== DIRECTIONS ==
Would you please restate all of the entries exactly, apart from the pictures?

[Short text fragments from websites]
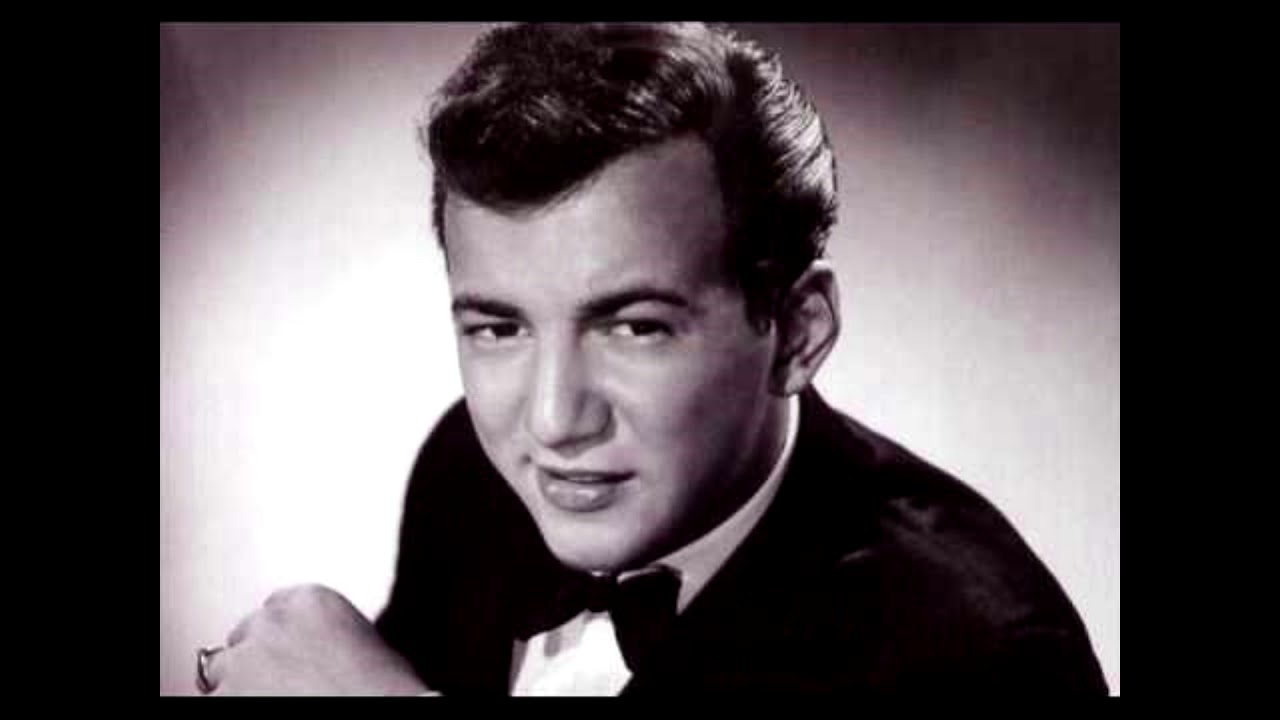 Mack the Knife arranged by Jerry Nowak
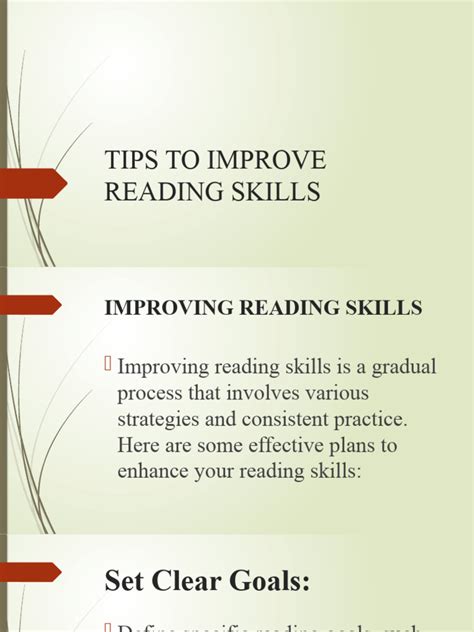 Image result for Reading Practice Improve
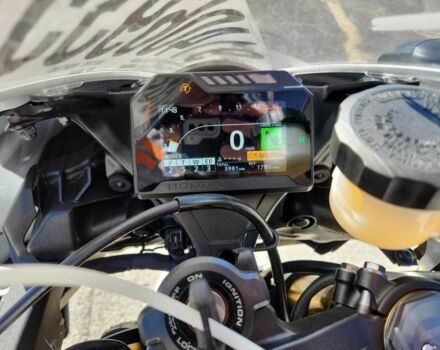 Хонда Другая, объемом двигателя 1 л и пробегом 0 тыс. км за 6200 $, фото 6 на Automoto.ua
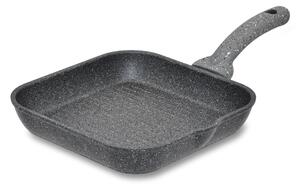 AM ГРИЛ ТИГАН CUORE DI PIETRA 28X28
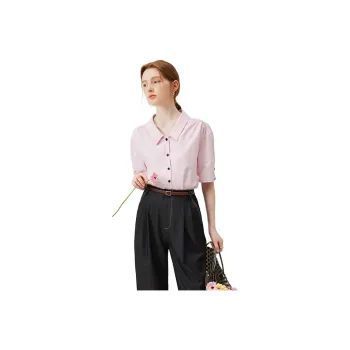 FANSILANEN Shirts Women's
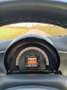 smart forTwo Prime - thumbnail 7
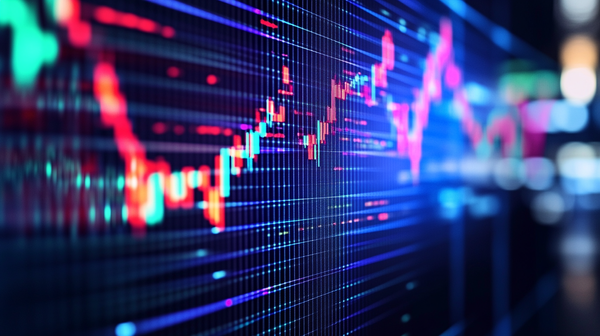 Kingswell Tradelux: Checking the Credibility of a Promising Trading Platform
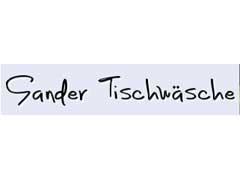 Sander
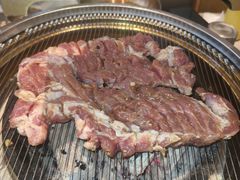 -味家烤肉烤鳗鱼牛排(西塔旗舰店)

== TASK RESPONSE ==
 Mack the Knife arranged by Jerry Nowak
 Image result for Reading Practice Improve
 Хонда Другая, объемом двигателя 1 л и пробегом 0 тыс. км за 6200 $, фото 6 на Automoto.ua
 AM ГРИЛ ТИГАН CUORE DI PIETRA 28X28
 FANSILANEN Shirts Women's
 smart forTwo Prime - thumbnail 7
 Kingswell Tradelux: Checking the Credibility of a Promising Trading Platform
 Sander
 -味家烤肉烤鳗鱼牛排(西塔旗舰店)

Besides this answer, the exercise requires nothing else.